FURY OVER LEAKED APEC 'ASPIRATIONS'

A LEAKED document from Australian prime minister John Howard's office has revealed that Howard, US President George Bush and other leaders of the Asia Paci"c Economic Cooperation (Apec) forum will push only for "aspirational" goals on cutting greenhouse emissions in the next round of UN climate negotiations. The draft declaration follows Bush's calls earlier this year for a new climate change agreement to replace the Kyoto Protocol, which neither the US nor Australia has ratified.

Apec, which is scheduled to meet in Sydney next month, will also back nuclear power as a viable alternative energy source, according to the document.

Environmental groups in Australia have reacted with outrage to the leak.

US FARMERS EARN THEIR CORN

ETHANOL-FIRED corn prices have prompted US grain belt farmers to plant 24% more corn this year than last to cash in on the boom in biofuels. Farmers in the US midwest have planted more acreage than any year since 1944, when American farms were at the peak of wartime production. Global output is following suit and is expected to rise 10% this year.

But such is the demand for cornbased ethanol, that futures prices on the erstwhile foodstuff continue to raise day by day.

Another economic consequence of corn-fever: prices for farmland in major corn-producing states such as Iowa, Nebraska and Illinois are rising by double-digit figures, putting farm acquisition out of reach for young farmers or farmers who rent land just as the market for produce is promising very attractive returns.
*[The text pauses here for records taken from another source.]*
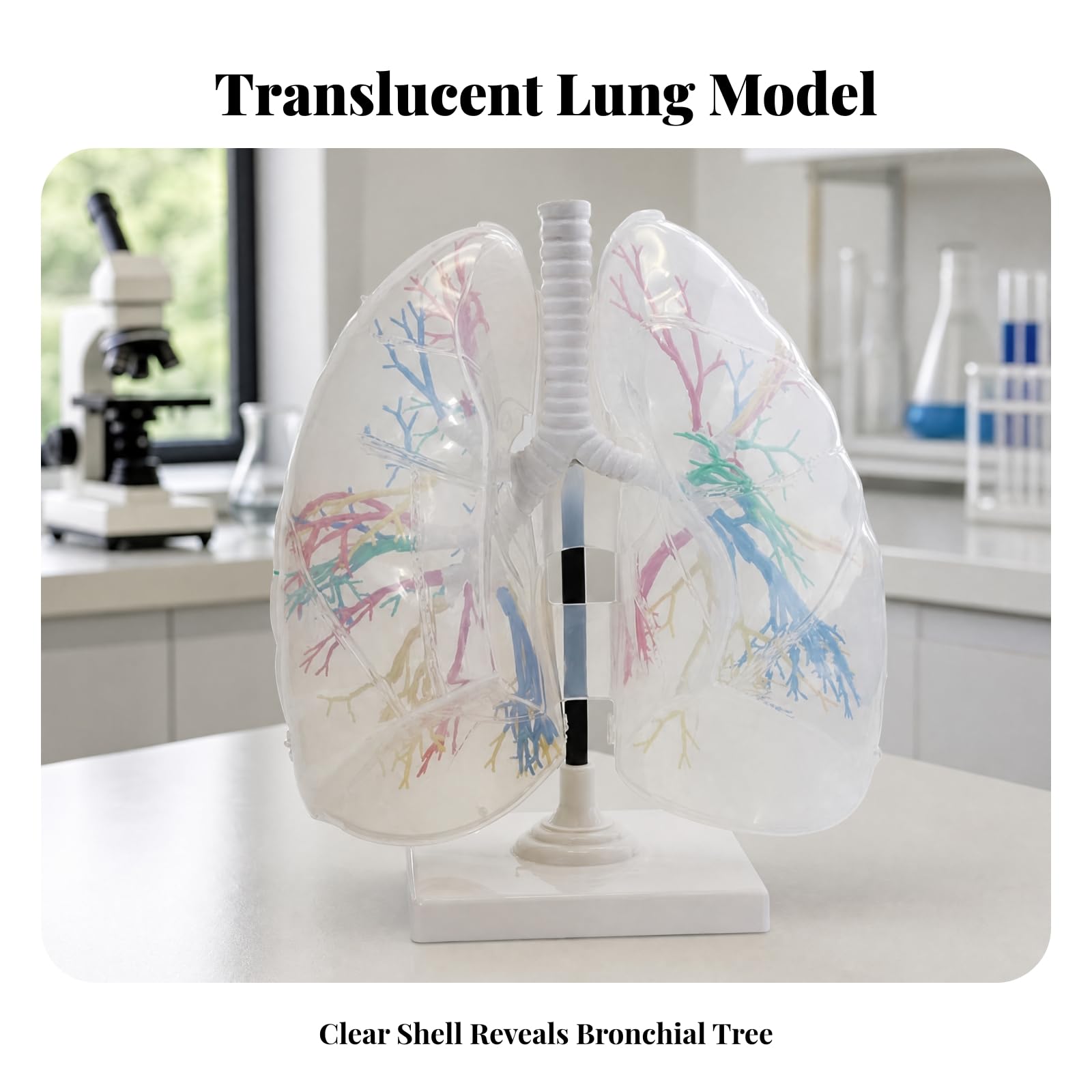 Atemsystemmodell mit Ständer Lehrreich Bronchienmodell mit Lunge Lungenanatomiemodell für Biologielehrer, Schüler, Studienplatz, Transparente Lunge 1
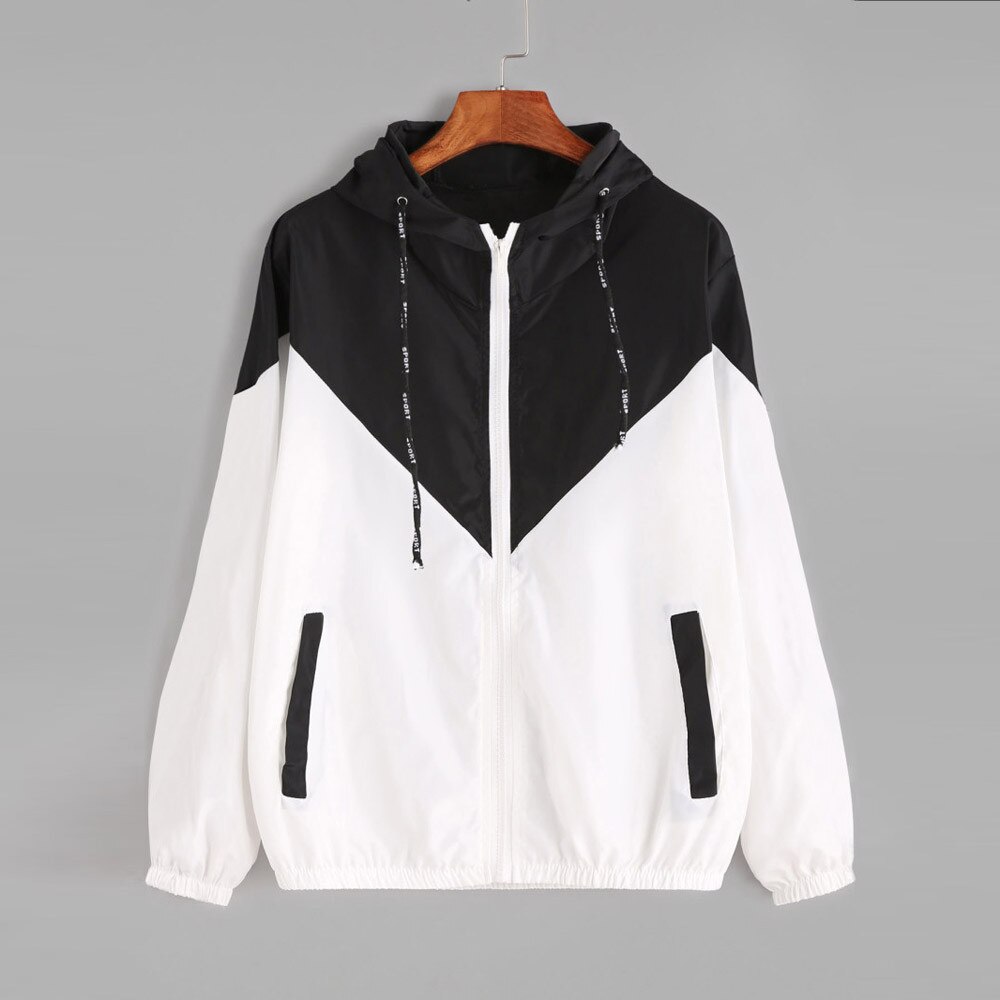 Vrouwen Basic Jassen Vrouwelijke Rits Zakken Casual Lange Mouwen Jassen Herfst Capuchon Twee Tone Windjack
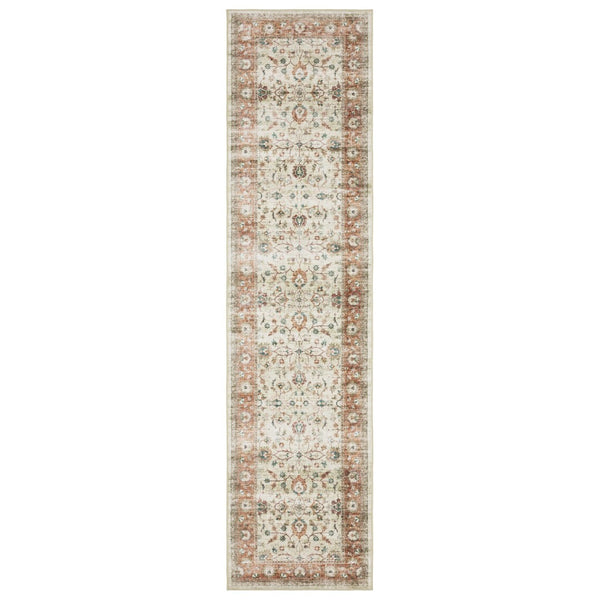 Homeroots 5' Ivory Oriental Distressed Area Rug - Stain Resistant, Non-skid Design For Stylish Home Decor 8' Runner Polyester 575325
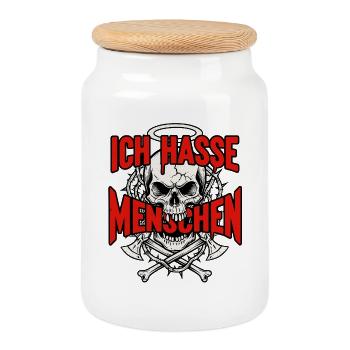 I Hate People Skull Skull - Cookie Jar with Wooden Lid - white - Front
THINK TANK IN SURPRISE CARBON TAX U-TURN

THE executive director of the International Policy Network, a London-based libertarian think thank and lobby group, has surprisingly come out in favour of carbon taxes. In an op-ed for the right-leaning Wall Street Journal, Julian Morris advocated a carbon tax as the best way top incentivise technological solutions to climate change. He also said a carbon tax would put an end to the EU's emissions cap and trade system, which has controversially worked to the financial benefit of companies such as Shell, BP and Exxon - effectively creating a set of vested interests where non had existed previously. The move follows the conversion of wellknown Canadian climate-change sceptic Ross McKittrick, who has proposed a temperature-indexed global carbon tax as the fairest basis for making sure polluters pay for actual impacts.